They say you don’t know what you’ve got until it’s gone, and it’s fair to say I’ve underestimated the impact travel has on my head and heart lately. The kind of travel that takes you somewhere new, waking up every sense in your body making you actually feel the wind on your face.
Are you that person that plans the next trip before the plane from your last has even hit the tarmac? I certainly am.
While some may confuse it for not living in the moment, it makes such a difference to the way I cope with the end of an adventure. Mainly because it’s not the end anymore; another has already started.
And why is this important at the moment? I’m glad you asked.
With the way things are at the moment, many of us have no idea when our next holiday will be. The next time we’ll find ourselves in some far flung city, or even just out exploring our own. And that’s going to make the monotony even more mundane, and the light at the end of the tunnel dim.
As it turns out, the German’s have a word for this feeling. It’s fernweh.
While there is no direct translation to English (as is the case with most of the best words), fern means distance and wehe describes a kind of ache or sickness.

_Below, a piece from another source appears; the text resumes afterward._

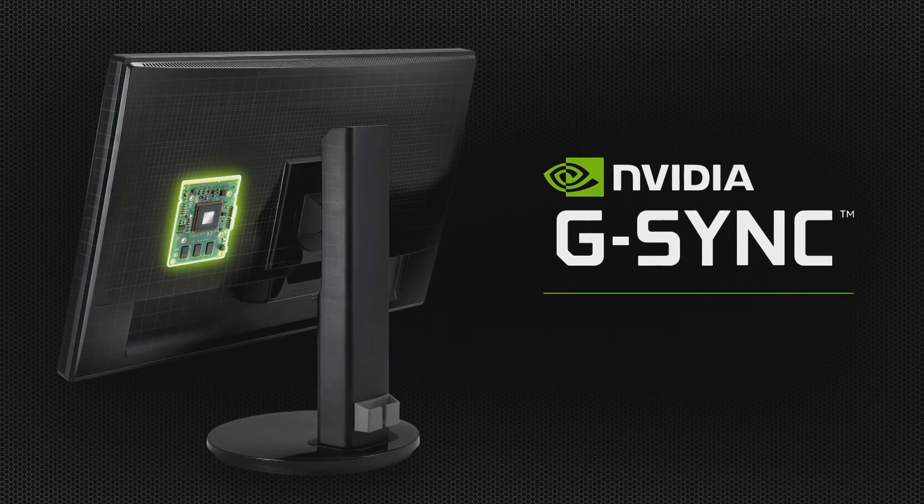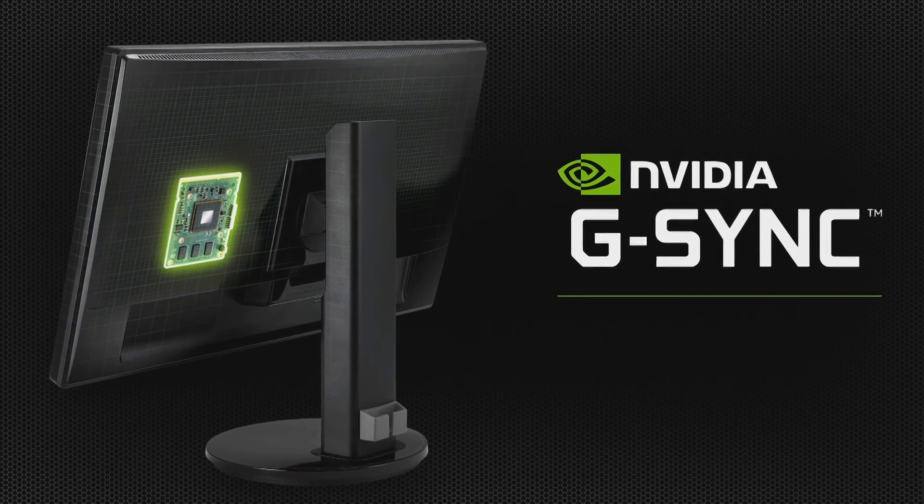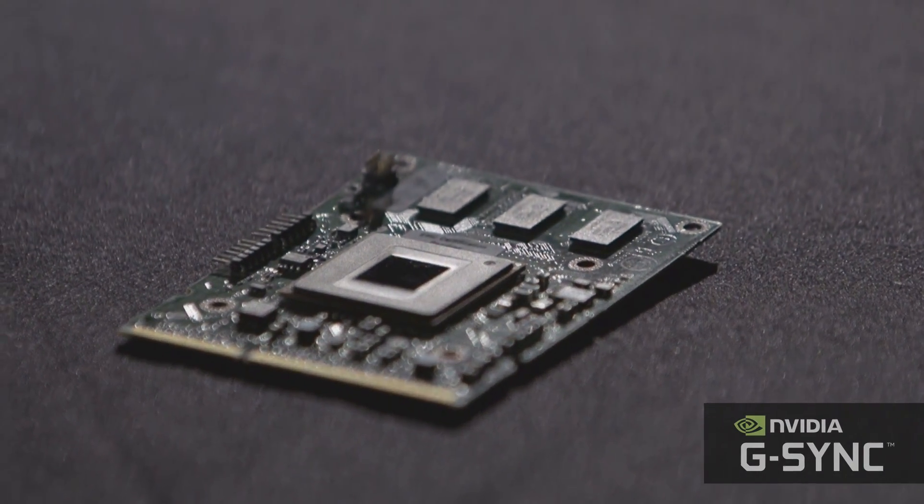Hi, this is Tom Peterson with NVIDIA, and today I'm up here in Montreal. I'm really excited. We just got done launching a new technology called G-Sync. What is it? It's super simple. G-Sync is GPU Sync, and it synchronizes your monitor to your GPU to eliminate artifacts like tearing, stutter, or long latency. So what we did is we invited three of gaming's founding fathers up here to Montreal to check it out, and here are their impressions.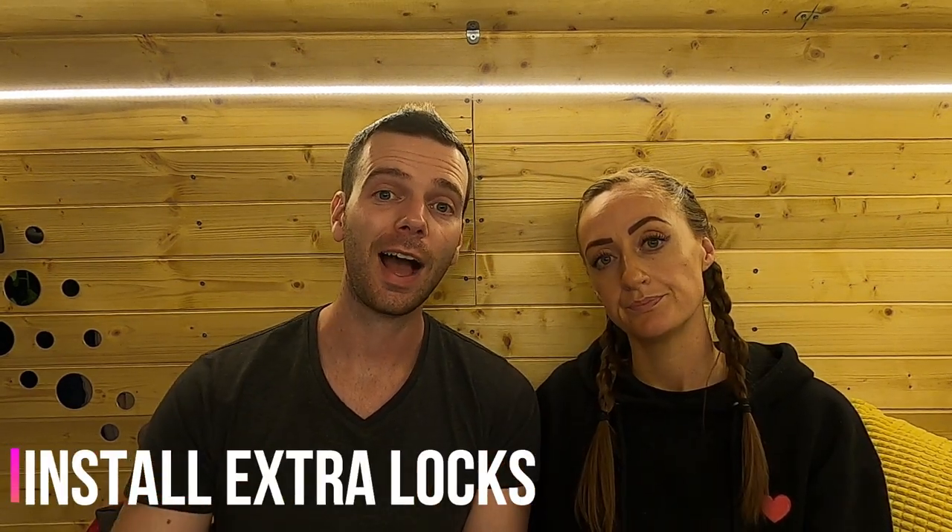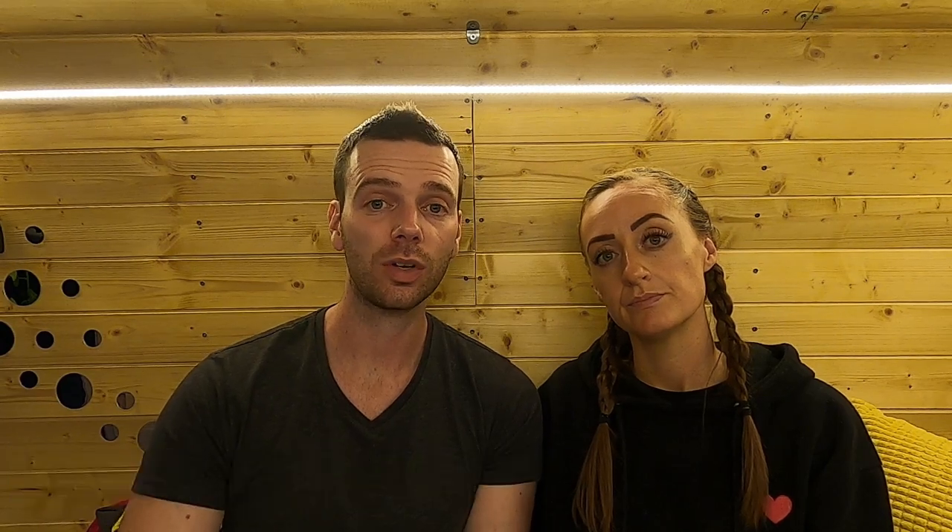Tip number eight: have an extra security lock on the doors of your van. We currently have a deadlock on the back two doors of our van, making it really difficult for anybody to try and get in. The visual impact of this stops people from even wanting to try and break in because it's just so much more hassle.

Stick them together and you get an ache to travel, to be out there, exploring somewhere the smells, sounds and speaks differently.
But this isn’t just that travel bug you affectionately told your friends in an Instagram caption you’d caught on your first trip away in your twenties. It’s more than that. And it’s a feeling many of us are likely going to experience in the next couple to who knows how many months of lock down.
So what can we do? Postpone instead of cancelling trips you may have booked. Research all the places you’ll go once the borders are opened. Heck, buy the Lonely Planet guide now. Use this time to save your pennies for someplace else.
I know in the meantime I’ll be looking back on the trips I’ve done, and most certainly looking forward to the trips I will take once this is all over.
Because we will travel again. And just think how much better it will be. They say distance makes the heart grow fonder, and my distant memories of foreign places have sure got me feeling the fernweh.